Circumstances present themselves, first chances, second chances…. third chances? And there’s the right way to handle it and the wrong way. Somehow, someway… these guys always manage to start things right and then mess things up. Big time.
And so starts a series of flashbacks (how it all started… where it all went wrong) and living with them in the “present”. Because you see, one day, a few years after their tumultuous love affair, Caleb bumps into Olivia…
I still love this boy. The realization scares me. I thought I was over it. I thought I could handle something like this; an impromptu run in. I’ve had therapy; I’ve had three years to…
Get over him.
Fester in my guilt.
… and instead of being openly hostile to her, he’s pleasant. Polite. ‘Cause he doesn’t remember her at all. Amnesia, you see. LOL!! Don’t roll your eyes. It could happen!! And all I could think of, was OMG where is this going!!!??
Nothing makes sense. Nothing fits together. Caleb doesn’t know who I am. Caleb doesn’t know who I am! With every step, he takes toward the door I become more desperate. Seomewhere in my head I hear a voice scream, “Stop him!”
Oh and it went there. In every which direction, zigzagging, twists, turns, secrets revealed… even stuff WE the reader didn’t know. A big bad “secret” that was dangled in front of us, hinted at… but. What. Was. It? What DID this?? What was going to happen!? TO them? To us? To her? To him? To that OTHER her!??

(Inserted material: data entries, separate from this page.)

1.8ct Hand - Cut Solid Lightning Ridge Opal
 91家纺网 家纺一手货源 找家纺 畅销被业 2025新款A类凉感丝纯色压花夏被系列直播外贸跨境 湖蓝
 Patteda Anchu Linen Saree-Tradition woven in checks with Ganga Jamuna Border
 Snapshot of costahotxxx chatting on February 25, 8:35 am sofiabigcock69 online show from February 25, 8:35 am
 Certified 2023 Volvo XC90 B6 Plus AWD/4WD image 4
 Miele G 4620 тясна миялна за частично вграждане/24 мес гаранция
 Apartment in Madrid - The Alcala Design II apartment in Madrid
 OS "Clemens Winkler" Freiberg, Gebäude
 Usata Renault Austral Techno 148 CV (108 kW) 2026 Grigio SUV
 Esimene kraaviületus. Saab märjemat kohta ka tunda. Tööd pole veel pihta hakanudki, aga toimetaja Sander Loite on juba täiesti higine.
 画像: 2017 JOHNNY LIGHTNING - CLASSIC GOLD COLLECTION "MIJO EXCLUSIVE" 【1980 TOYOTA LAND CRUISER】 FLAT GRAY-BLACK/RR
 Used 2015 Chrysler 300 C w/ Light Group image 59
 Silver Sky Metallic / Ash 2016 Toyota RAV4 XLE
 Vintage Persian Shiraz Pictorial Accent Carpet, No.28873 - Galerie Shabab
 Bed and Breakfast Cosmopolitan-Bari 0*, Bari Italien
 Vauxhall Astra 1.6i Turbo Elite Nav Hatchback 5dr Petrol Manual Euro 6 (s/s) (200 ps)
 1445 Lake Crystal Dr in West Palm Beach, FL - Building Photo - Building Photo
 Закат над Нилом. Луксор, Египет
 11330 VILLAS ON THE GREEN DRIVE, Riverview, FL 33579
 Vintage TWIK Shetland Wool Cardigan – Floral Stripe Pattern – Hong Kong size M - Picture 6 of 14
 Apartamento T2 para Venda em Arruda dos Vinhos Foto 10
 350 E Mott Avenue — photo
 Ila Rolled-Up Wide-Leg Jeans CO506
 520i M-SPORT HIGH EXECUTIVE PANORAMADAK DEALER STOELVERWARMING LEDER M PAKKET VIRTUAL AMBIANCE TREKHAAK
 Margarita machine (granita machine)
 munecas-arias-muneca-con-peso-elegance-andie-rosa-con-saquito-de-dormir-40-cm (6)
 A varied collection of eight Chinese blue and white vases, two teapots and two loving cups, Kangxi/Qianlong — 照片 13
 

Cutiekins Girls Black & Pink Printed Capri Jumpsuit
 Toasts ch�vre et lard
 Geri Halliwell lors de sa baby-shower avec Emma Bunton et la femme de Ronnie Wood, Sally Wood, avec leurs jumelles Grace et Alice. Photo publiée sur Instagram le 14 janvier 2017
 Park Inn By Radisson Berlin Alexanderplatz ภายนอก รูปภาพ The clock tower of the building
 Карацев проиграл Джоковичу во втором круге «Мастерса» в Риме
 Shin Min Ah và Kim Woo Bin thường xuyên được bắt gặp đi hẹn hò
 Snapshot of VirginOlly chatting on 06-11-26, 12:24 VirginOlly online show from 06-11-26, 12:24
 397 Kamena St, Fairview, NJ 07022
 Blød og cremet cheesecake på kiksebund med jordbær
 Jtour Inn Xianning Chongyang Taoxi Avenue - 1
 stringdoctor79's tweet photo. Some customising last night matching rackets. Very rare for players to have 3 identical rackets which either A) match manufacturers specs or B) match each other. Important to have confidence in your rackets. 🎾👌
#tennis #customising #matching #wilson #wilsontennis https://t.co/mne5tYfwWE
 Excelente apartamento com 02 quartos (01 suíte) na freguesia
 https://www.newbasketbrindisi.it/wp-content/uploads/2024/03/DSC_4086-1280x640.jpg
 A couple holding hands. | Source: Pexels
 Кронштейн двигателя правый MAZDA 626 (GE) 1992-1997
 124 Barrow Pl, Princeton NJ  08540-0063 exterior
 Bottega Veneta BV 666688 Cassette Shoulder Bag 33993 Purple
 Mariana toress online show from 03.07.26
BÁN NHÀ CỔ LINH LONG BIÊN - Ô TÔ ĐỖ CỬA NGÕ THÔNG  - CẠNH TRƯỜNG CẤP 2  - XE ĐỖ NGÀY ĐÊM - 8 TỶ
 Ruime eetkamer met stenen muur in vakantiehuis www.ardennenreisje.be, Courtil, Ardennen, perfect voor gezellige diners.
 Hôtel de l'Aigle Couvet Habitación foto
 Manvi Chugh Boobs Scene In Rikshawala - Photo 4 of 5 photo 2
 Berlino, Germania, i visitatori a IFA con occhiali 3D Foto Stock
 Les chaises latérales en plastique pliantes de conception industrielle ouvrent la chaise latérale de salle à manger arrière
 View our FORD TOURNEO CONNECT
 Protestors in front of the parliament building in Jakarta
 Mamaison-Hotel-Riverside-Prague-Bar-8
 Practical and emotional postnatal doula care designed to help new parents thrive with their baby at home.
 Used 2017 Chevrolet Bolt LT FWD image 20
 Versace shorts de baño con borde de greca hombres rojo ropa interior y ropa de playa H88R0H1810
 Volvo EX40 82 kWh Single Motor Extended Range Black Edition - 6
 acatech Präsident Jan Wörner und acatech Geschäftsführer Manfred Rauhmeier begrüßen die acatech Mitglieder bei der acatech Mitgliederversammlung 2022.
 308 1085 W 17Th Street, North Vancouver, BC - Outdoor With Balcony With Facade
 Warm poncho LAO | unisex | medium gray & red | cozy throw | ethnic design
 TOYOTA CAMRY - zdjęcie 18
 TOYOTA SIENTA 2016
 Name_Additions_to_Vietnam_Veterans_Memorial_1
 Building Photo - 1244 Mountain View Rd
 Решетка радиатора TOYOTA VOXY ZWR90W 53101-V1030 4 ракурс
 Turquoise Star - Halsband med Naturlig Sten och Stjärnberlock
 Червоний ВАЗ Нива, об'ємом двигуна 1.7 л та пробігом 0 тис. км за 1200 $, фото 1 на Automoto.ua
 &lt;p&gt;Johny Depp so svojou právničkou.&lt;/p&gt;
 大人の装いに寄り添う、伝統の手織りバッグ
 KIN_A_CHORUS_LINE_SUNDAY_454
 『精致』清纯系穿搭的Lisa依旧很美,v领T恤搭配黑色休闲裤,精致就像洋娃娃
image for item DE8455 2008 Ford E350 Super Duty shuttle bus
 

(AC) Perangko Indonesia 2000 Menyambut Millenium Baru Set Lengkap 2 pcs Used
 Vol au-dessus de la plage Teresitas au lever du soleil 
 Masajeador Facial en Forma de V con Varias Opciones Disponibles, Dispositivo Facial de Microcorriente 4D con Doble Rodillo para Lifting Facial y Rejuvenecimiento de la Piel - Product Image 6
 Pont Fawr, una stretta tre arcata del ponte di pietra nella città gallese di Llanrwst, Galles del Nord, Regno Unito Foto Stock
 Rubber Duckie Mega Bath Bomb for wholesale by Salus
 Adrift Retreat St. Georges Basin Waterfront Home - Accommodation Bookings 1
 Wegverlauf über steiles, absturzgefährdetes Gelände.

Leah Smith. That was the beast’s name. She was as rich as I was poor, as happy as I was miserable, as redheaded as I was dark. He met her at some swanky party about a year after we broke up. Apparently, they hit if off right away, or maybe he hit it right away, I can’t be sure.
Oh yes. It was a delightful mess, and I highly recommend it if you’re in the mood for mind games, heartache, painful revelations, and realizations that if only …
I can never tell him. He will remember eventually and this whole charade will come crashing down around me like a bad game of Jenga. Until then, I have him back and I am going to hold onto that for as long as I can.
Oh right. Never mind. That’s for you to discover.
4.5 stars. Almost 5 stars. I’ll think on it. Oh. And there will be a book #2 (and I believe the author mentioned a #3, also). Just so you know, I am DESPERATE for #2. Just sayin’.